We’re at an apogee of anti-Trump protest art and the Downtown for Democracy‘s booth at Frieze offers a great sampler: There’s Marilyn Minter’s plaque etched with a transcript of Trump’s leaked Access Hollywood tape and a wishful print by Guy Richards Smit titled President Resigns (Wednesday, November 7, 2018). And there’s Richard Prince’s “18 & Stormy,” a Photoshop provocation featuring a composite of the 18 women who have accused of Trump sexual misconduct.
Trump also manifests in Chinese artist Miao Ying’s quixotic mixed media installation at the Boers-Li Gallery booth. Titled Satie bought seven identical velvet suits complete with matching hats that he wore uninterruptedly for seven years, the piece shows actor Nicholas Cage’s face photoshopped on Trump’s body.
Arguably the most fascinating anti-Trump piece at Frieze is also the subtlest. Folders is based on a news photo taken at then president-elect Trump’s first press conference held on January 11, 2017. Reconstructed in cardboard by German sculptor Thomas Demand, the work which is selling for €95,000 ($114,000) at the Matthew Marks Gallery, features the stacks of manila folders that Trump offered as evidence of his efforts to divest himself from his corporation before being sworn into office. “These papers are just some of the many documents that I’ve signed turning over complete and total control to my sons,” Trump said then, gesturing to the mountain of documents on a table next to him.

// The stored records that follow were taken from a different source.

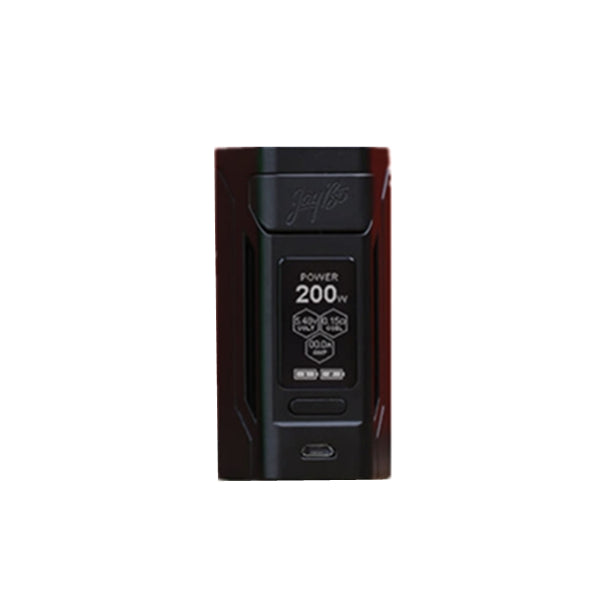 Wismec Reuleaux RX2 20700 200W TC Box Mod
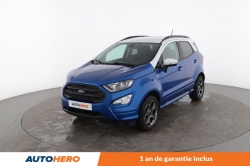 Ford EcoSport 1.0 EcoBoost ST Line 125 ch 92-Hauts-de-Seine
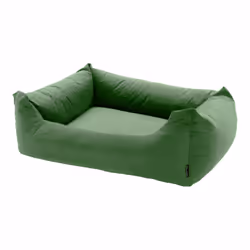 MADISON MAN3S033, Oreiller pour animaux de compagnie, Extérieure, Chien, Vert, Polyester, 900 mm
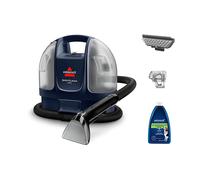 LAVATAPPETI BISSELL SpotClean Mini Corded Pro, Potenza 100 W, Nero/Blu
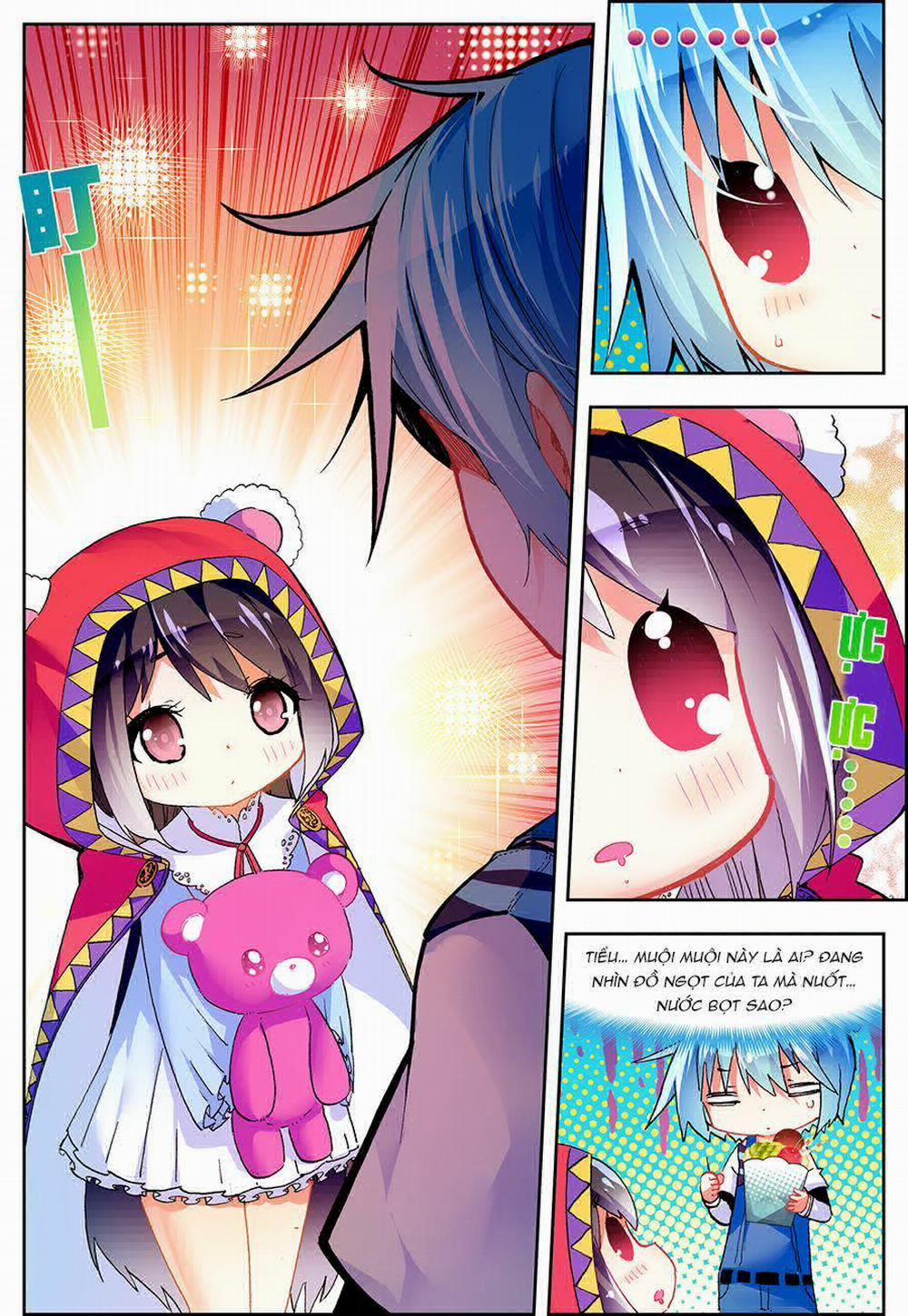 Thời Đại X Long 52 trang 17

The folders were swiftly taken away after Trump finished leaving some reporters to believe that the papers were totally blank.
“No one knew how to digest this but I’ve been talking about fakes for a long time,” Demand said to ArtNet. The celebrated 54-year old artist is a master of the constructed image. Mining news photos for inspiration, Demand sculpts life-size scenes and objects in cardboard, and then takes a photograph before destroying the set. Among his celebrated feats is a convincing paper replica of the Obama-era Oval office that he’s juxtaposed with Folders at last year’s Chicago Architecture Biennale.

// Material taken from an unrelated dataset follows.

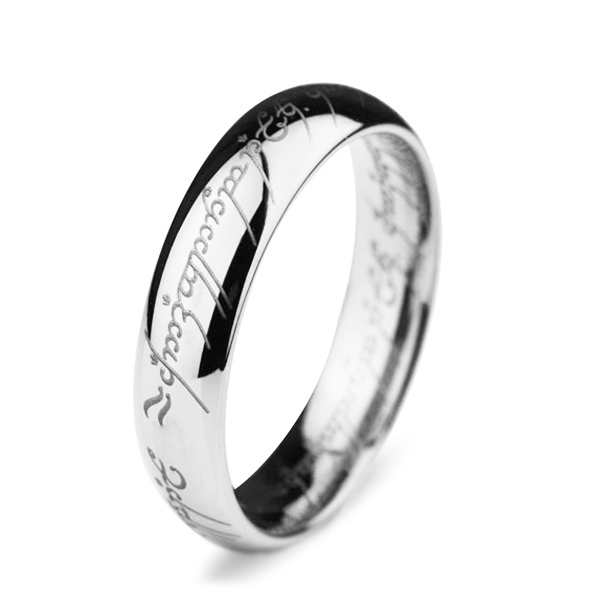 Ring of omnipotence from jewelry - My, Ring of omnipotence, Jewelry shop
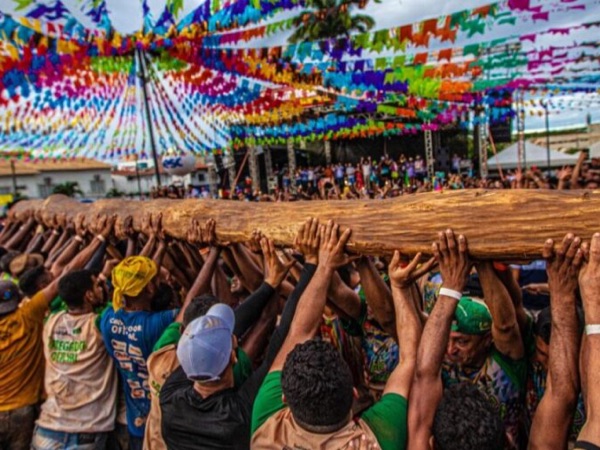 Barbalha lança edital para ornamentação da Festa do Pau da Bandeira de Santo Antônio de Barbalha 2024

It’s unclear what type of art collector will vie for works with the face or the aura of today’s most overexposed politician. But gallerists are optimistic that aligning Trump with art can at least spur sales. Speaking to ArtNet about a haunting anti-Trump piece priced at $325,000 at last year’s Frieze, a representative from Sprüth Magers said, “we could have sold it ten times over.”